Tuesday 15 September 2009
Some Recent Excerpts From My Cat (And Other Animals) Diary
Idea for TV Show: 'The 1980s Cat House'. 6 cats get forced to live for a week without access to camcorders, keyboards, treadmills or metrosexuals.
People often think my life is far more cat-themed than it actually is. Nonetheless, the fact remains: I just got some Sheba on my best shirt.
A cat with a messed up meow was meowing outside. Felt glad for not having cat who meowed like that. Went outside. Was my cat, meowing like that.
Overheard locally: "Behave! Or I'll take that bear right back to the bear shop." Instant reaction: Must find Norwich grizzly emporium NOW!
Watched Whistle Down The Wind. Saw the scene with the kittens in the cardboard box, which reminded me of the time when I was 9, and watched Whistle Down The Wind, and saw the scene with the kittens in the cardboard box. Missed next 3 scenes as was pondering fact that kitten actors now dead.
Many people might think it impossible for a grown feline to burst into tears. None of these people, uncoincidentally, have met my cats.
Lots of flies in the house today, and Bootsy is not doing her usual, reliable thing of chewing them up with a distasteful, confused look on her face. In her absence, I tried to find fly spray. Couldn't. Found Crabtree And Evelyn Nantucket Briar room spray. Used that instead. Didn't work. Not sure why I thought I'd find fly spray. I last bought some in 1991. And by "bought" I mean "found in my parents' house near some etchings".
Question: Do flies refer to flying as "ing"? E.g. "Bob waited til the exact last moment, when this week's Grazia was coming towards him, before ing off."
Last golf major of the year, the USPGA, this weekend. Tuned in late. Asked friends if anything exciting had happened. They texted back to say "no" but cameras had been lingering on a stray turtle for twenty minutes by that point, so had taken this as a definitive answer in itself.
You know your cat's got a lot of Facebook friends when he knows four cats called Chairman Meow.
Off to Cattersea - aka Battersea Dogs and Cats Home - today to interview some homeless cats for the Times. I am taking a big bag with me. This is because I am reading a hardback book. THAT IS THE ONLY REASON.
Managed to resist temptation at Cattersea. Was particularly taken with black and white Thomas, who shows just how close you can take the shave in and still be a Cat That Looks Like Hitler. Also Malteser, on whose run was written "Love me, love my cheeks!". Sadly, before I met the latter, a four year-old child had loved his cheeks a little bit much, leaving me to deal with the concomitant hissing: a bit like the opposite of when you feel really good after opening a tight jar, because the person who tried to open it has "loosened it" for you. But with cats, instead of jars.

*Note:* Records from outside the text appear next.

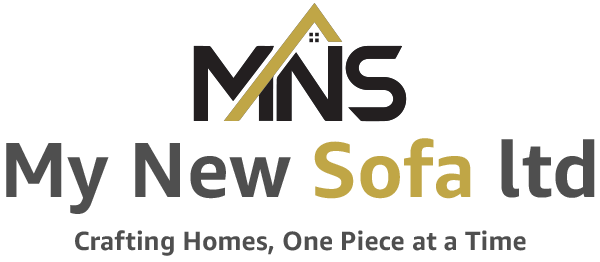 MNS (MY NEW SOFA) LTD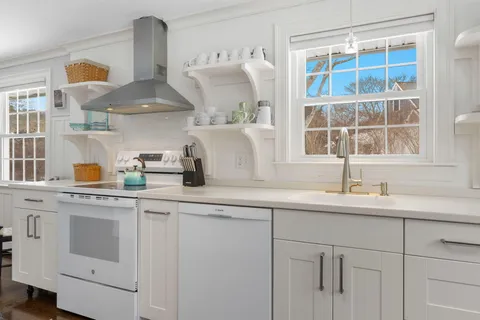 $1,495,000 | 137 Shane Drive, Chatham, MA 02633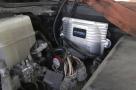 Блок керування Lovato Easy Fast C-OBD 2- мініатюра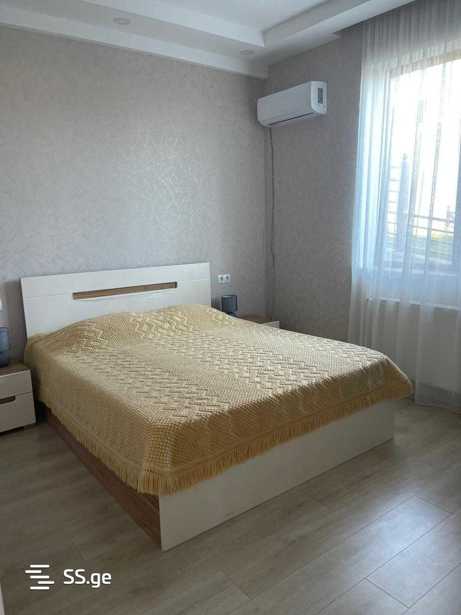 https://static.ss.ge/20260327/17_68859850-8674-44a5-beeb-ed3391fe8d77_Thumb.jpg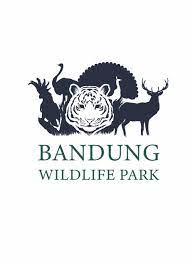 Bandung Wildlife Park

It's always a bit of a shock when a band starts "working on a new sound" late in their career, but lots of groups do it. What is much more surprising, I've found, is when one of your cats starts doing the same thing.

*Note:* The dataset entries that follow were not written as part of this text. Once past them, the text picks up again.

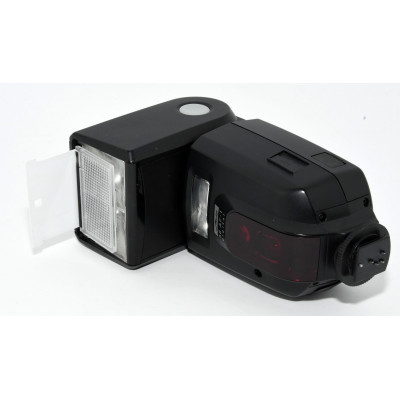 FLASH METZ 58 AF-1 (OLYMPUS)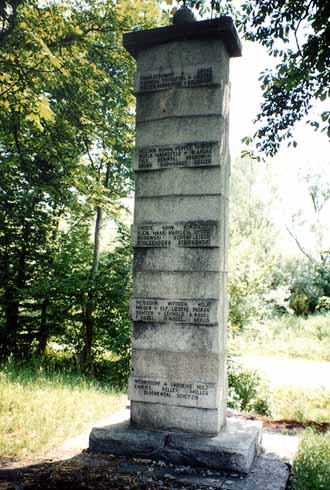 57
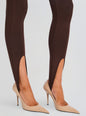 Kelsey Stirrup Legging thumbnail media 2 of 5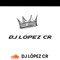 Dj López Cr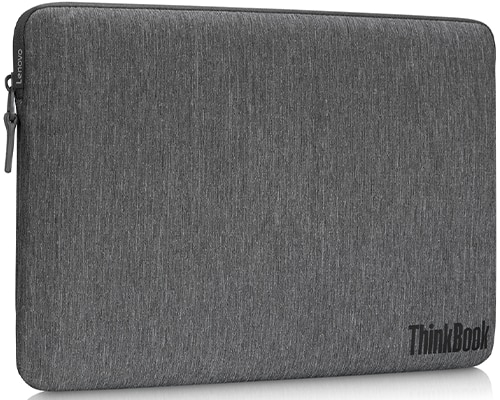 kalaf-lenovo-thinkbook-13-14inch-sleeve-grey-lenovo-4x40x67058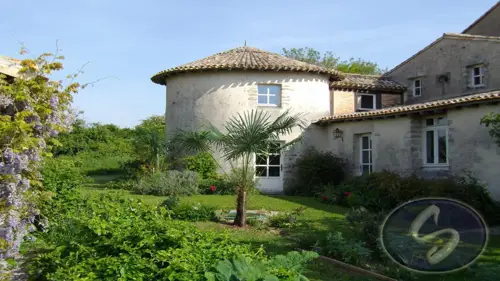 Image du carrousel 1
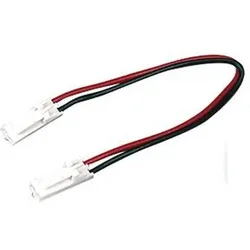 Mitsubishi Electric Crossover cable for input FX2NC-10BPCB1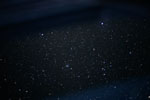 thumbnail image of ART002-E-28167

Some big worries this week. Regardless: disheartened to see that M&S 'Fantastically Fizzy Fish' have been rebranded as mere 'Fizzy Fish'.
Odd: Could swear I set a Google alert for "cat" but it seems I must have actually set one for "all the bad news about cats imaginable".
Starting to regret jeering at Janet for falling off banister earlier. Just spotted him walking towards golf bag, with distinct "wee face".
Very behind on the sequel to Under The Paw. Have been reliably informed by friend that I'm putting my energy in wrong places. Think I understood. Made note: "Spend less time in Ipswich."
I'm still not sure I can believe it myself, but I really did just use the term "flailing paws" in a warning note to my cleaner.
The man who shouts "f***in come on then" at the local ducks hasn't sworn at ducks once this week. Have also noticed that the woman who works in the local Somerfield who looks like John Kerry no longer works in Somerfield. Admittedly, it took me a while to notice, but it's a blow, nonetheless. Is everyone who makes this town this town leaving? Next week: Bald David Crosbyish Tramp Who Stares At Lake departs for "new media post".
Signs that another market town summer is ending: 1. The air is suddenly fresh. 2. Apples are falling. 3. The Bear is spending more time indoors. 4. Nobody kicked my car in last night.
Just went to take a Nurofen. It's no exaggeration to say Janet's hyperthyroid pill was 2/3 of way to my mouth before I realised I had made a schoolboy error. In other cat news, a position seems to have been reached by committee on the new cat biscuits I bought on offer at Pets At Home yesterday. Committee tongue is alien, but position seems to be: "new cat biscuits taste like pig sp***"
Just realised must to go like the clappers to finish book by deadline. First of many obstacles: have no idea what "clappers" are.
(Later) Have now found out that clappers refers to the clappers on bells during the early 1940s. It seems there was rationing on not only food but similes during World War II.
Have cats "wholesome" catnip mouse, with no fur. Has been thoroughly rejected. Echoes of the time my mum tried to convince me halva was "as nice as chocolate". But with tables turned.
Just reviewed Joanna Lumley's Northern Lights DVD. Hard not to warm to a celeb who a) loves cats and b) willingly lets you see her going to bed in a hat.
Found a note in my notebook saying, "Mouse. Local Conservative Club. Second wang!" Have absolutely no idea what it means.
Out for a walk today in North Suffolk. Turned in opposite direction from sign saying 'Beccles Giant Duck Art Trail'. Have to confess: that took some discipline.
Getting a very strong sense, once again, that my cats are not purring with me, but purring at me.
Think there has been a significant household misunderstanding today. When I said "cats can be tw**s" I wasn't giving official permission.
When trying to stop letting a cat in through doors, does going out to "tell him it's ok" to use the catflap still count as letting him in?
Two cats now "working on new sound". House starting to resemble Iggy Pop and David Bowie's 70s Berlin, but with less clawing. Have to confess: seriously worried about the inevitable moment when Lou Reed joins the party.
Dear My Cats: when I enter a house, I do so with decorum and humility, not expecting congratulations. Out of respect for the fact that I let you live here, and conspire with you in the illusion that you own the place, you should do your best to follow my example. Wet paws and safe passage through a miniature door are not, and will not ever be, cause for fanfare.